Material to process =
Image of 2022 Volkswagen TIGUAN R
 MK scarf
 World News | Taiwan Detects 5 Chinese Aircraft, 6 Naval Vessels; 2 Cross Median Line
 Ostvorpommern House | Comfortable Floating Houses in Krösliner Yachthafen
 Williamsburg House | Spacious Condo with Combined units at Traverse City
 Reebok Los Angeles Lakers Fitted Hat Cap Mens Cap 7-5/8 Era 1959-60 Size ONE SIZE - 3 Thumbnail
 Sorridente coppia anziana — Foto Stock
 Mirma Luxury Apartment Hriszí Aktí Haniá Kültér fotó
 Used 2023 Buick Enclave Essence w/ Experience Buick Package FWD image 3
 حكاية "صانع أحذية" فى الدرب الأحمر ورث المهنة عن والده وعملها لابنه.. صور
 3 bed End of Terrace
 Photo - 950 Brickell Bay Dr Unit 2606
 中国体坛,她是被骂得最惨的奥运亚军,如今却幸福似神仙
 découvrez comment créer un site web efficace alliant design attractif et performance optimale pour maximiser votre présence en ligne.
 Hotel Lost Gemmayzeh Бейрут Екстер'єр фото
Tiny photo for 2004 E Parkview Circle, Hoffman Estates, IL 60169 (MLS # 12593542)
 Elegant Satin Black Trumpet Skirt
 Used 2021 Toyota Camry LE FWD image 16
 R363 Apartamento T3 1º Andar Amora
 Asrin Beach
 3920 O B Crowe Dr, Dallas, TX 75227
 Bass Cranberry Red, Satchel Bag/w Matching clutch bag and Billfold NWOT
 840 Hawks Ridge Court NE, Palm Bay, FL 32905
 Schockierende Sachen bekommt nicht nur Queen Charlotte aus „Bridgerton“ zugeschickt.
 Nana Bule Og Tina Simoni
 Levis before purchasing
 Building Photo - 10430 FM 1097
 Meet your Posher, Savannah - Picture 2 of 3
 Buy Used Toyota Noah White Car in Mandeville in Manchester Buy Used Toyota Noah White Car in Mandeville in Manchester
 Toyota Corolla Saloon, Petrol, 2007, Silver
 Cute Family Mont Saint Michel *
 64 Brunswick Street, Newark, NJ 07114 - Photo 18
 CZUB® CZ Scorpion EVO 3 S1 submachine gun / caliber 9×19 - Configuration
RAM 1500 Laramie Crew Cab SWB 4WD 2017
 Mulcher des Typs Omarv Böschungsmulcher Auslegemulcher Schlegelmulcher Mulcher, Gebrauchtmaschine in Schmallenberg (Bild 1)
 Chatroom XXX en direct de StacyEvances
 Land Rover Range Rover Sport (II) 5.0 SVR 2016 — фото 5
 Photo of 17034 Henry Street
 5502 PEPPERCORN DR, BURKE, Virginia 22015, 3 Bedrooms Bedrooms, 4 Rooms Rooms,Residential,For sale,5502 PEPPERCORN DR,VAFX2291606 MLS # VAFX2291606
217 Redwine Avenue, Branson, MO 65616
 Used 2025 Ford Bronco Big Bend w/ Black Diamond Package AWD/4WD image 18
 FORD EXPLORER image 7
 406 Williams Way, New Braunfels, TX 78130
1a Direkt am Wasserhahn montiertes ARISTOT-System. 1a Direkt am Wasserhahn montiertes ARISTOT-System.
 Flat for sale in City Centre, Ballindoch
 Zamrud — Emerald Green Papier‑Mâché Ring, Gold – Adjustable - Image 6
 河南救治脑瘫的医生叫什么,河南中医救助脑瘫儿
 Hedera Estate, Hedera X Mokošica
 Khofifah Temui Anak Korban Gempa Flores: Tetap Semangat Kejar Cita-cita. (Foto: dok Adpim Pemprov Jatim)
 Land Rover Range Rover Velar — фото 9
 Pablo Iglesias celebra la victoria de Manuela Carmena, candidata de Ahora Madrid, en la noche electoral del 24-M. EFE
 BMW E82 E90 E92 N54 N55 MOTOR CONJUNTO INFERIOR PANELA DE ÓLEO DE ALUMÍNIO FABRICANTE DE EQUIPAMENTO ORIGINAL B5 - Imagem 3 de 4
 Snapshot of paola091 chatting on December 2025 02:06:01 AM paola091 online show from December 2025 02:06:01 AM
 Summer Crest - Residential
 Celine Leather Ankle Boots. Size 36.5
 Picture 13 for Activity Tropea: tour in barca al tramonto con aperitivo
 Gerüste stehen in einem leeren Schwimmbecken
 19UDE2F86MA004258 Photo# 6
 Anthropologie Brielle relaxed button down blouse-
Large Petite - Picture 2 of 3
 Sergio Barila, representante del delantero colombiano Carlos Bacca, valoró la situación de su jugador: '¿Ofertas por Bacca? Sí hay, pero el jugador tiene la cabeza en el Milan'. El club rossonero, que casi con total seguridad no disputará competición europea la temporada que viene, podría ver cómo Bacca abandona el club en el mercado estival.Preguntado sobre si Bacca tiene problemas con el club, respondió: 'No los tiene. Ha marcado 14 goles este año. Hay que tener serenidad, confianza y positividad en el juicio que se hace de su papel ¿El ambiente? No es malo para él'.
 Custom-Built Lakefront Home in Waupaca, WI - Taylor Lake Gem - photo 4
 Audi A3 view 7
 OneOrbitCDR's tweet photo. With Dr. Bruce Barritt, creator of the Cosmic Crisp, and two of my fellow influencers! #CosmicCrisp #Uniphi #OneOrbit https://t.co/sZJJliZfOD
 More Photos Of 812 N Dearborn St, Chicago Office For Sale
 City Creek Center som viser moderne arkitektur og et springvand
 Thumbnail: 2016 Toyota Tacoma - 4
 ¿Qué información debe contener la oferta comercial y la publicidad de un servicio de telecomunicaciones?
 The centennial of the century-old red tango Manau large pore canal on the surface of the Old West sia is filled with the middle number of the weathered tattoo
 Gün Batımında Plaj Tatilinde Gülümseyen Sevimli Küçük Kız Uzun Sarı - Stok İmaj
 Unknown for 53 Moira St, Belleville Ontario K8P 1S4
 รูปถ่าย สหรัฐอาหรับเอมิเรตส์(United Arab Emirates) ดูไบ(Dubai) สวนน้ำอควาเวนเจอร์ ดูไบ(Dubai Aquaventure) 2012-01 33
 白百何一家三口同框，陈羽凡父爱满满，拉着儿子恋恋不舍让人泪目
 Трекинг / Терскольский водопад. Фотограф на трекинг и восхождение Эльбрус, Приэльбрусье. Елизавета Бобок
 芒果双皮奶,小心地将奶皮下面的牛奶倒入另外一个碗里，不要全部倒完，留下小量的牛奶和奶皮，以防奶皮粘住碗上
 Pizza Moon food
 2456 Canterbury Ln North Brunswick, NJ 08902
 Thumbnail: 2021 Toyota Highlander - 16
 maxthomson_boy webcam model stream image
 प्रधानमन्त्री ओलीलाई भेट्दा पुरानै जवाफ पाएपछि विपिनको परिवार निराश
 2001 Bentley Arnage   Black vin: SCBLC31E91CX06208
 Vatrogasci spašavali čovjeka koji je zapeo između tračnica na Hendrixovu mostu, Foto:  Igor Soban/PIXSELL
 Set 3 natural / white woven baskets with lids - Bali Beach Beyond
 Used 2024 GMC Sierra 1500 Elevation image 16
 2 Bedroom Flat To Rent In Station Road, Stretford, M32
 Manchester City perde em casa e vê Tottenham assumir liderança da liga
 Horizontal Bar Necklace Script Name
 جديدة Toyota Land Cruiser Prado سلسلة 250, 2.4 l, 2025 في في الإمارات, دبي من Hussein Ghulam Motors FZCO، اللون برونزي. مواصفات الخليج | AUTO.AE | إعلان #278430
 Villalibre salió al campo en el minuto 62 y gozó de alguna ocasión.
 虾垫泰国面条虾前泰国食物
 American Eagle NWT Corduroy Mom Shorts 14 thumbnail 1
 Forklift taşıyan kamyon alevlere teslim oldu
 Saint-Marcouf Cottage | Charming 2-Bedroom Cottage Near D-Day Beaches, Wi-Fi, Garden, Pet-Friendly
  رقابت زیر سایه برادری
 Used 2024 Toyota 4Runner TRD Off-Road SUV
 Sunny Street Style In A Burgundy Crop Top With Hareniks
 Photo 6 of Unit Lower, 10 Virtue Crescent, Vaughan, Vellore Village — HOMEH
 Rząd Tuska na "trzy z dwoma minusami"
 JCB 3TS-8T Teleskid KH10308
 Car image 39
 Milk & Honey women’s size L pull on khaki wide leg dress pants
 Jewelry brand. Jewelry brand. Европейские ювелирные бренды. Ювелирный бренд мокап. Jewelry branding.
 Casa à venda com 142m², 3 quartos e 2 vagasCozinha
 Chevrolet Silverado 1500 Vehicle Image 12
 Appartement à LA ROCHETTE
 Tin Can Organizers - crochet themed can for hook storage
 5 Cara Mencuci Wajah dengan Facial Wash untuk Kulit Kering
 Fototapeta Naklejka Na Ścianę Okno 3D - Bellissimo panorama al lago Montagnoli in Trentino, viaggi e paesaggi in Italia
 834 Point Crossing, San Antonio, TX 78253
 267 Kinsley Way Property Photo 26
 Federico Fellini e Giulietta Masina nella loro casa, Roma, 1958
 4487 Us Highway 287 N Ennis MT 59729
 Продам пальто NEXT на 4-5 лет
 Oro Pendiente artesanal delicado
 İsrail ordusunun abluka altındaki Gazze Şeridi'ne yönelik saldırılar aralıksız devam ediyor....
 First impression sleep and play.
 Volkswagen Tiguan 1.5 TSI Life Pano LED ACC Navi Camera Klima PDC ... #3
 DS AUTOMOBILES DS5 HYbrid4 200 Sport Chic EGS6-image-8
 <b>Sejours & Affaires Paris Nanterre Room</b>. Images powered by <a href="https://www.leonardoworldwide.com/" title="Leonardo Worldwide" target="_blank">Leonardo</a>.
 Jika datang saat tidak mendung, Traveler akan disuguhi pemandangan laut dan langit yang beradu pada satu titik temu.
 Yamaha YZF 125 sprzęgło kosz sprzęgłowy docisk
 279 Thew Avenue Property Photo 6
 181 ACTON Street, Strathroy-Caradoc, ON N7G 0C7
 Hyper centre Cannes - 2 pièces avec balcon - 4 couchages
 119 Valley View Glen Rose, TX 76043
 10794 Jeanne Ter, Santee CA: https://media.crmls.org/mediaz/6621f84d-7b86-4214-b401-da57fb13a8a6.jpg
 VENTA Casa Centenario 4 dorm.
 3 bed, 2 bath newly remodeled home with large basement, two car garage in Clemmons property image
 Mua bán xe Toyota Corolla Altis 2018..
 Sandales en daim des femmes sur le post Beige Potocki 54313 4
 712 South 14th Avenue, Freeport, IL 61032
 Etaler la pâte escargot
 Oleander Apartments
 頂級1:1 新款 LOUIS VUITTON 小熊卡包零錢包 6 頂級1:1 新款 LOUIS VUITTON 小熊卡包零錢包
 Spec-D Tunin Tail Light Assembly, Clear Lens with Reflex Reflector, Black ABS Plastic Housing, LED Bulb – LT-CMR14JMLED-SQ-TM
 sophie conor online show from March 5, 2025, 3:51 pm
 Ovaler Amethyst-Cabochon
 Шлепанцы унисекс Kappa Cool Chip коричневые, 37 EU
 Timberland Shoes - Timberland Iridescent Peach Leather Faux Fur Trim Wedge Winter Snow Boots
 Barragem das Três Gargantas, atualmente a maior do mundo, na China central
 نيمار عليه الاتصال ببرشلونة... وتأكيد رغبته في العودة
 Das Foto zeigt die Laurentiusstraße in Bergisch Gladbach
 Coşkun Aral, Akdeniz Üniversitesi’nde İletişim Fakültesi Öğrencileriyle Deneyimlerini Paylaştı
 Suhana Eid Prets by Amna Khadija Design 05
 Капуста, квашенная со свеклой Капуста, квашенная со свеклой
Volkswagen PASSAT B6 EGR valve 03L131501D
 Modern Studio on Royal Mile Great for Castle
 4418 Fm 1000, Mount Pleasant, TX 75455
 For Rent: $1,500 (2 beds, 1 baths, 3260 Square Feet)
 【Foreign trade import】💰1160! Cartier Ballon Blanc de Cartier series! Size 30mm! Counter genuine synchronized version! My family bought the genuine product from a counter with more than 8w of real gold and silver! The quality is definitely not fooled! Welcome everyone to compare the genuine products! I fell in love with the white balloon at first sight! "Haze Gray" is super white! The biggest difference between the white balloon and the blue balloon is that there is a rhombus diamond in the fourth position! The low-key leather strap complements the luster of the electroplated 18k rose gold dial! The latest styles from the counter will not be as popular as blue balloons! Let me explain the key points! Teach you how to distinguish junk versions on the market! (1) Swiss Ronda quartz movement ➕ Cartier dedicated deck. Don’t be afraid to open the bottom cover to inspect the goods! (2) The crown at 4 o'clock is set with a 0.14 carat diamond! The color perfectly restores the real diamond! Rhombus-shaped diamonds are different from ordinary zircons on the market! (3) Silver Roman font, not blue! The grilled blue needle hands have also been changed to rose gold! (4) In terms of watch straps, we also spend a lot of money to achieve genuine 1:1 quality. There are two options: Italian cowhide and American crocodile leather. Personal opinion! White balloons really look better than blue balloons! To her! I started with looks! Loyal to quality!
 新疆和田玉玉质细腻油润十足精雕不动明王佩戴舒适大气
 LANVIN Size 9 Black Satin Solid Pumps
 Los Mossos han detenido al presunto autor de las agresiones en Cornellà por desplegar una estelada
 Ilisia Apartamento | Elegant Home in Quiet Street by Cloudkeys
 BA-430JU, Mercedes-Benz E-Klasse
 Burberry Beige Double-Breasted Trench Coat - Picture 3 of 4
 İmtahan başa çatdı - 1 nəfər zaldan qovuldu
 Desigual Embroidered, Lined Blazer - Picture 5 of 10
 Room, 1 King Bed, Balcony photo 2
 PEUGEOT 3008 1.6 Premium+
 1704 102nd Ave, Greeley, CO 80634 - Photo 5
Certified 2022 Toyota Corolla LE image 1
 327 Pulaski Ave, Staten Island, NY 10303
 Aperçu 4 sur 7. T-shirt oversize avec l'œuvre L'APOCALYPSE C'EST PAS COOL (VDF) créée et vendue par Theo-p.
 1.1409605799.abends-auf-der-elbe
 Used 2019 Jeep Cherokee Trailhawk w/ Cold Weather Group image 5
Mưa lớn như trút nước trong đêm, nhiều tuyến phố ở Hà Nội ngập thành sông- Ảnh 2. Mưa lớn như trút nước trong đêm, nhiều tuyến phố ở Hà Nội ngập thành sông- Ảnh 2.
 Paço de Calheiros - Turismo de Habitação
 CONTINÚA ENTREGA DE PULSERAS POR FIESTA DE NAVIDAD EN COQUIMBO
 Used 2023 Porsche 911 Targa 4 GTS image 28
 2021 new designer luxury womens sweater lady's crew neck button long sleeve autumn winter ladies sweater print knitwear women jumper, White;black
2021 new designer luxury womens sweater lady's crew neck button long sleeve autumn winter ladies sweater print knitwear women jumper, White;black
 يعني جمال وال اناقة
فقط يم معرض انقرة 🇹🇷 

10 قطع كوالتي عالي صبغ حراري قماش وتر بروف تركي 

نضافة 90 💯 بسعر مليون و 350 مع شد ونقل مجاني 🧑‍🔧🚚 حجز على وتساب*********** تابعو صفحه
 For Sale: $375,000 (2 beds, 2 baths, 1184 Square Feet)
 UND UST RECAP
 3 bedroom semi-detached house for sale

Assigned task = Of the entries above, transcribe exactly those lines that fall between the line containing "Federico Fellini e" and the line containing "Yamaha YZF 125", together with those two lines.

Completed exercise =
 Federico Fellini e Giulietta Masina nella loro casa, Roma, 1958
 4487 Us Highway 287 N Ennis MT 59729
 Продам пальто NEXT на 4-5 лет
 Oro Pendiente artesanal delicado
 İsrail ordusunun abluka altındaki Gazze Şeridi'ne yönelik saldırılar aralıksız devam ediyor....
 First impression sleep and play.
 Volkswagen Tiguan 1.5 TSI Life Pano LED ACC Navi Camera Klima PDC ... #3
 DS AUTOMOBILES DS5 HYbrid4 200 Sport Chic EGS6-image-8
 <b>Sejours & Affaires Paris Nanterre Room</b>. Images powered by <a href="https://www.leonardoworldwide.com/" title="Leonardo Worldwide" target="_blank">Leonardo</a>.
 Jika datang saat tidak mendung, Traveler akan disuguhi pemandangan laut dan langit yang beradu pada satu titik temu.
 Yamaha YZF 125 sprzęgło kosz sprzęgłowy docisk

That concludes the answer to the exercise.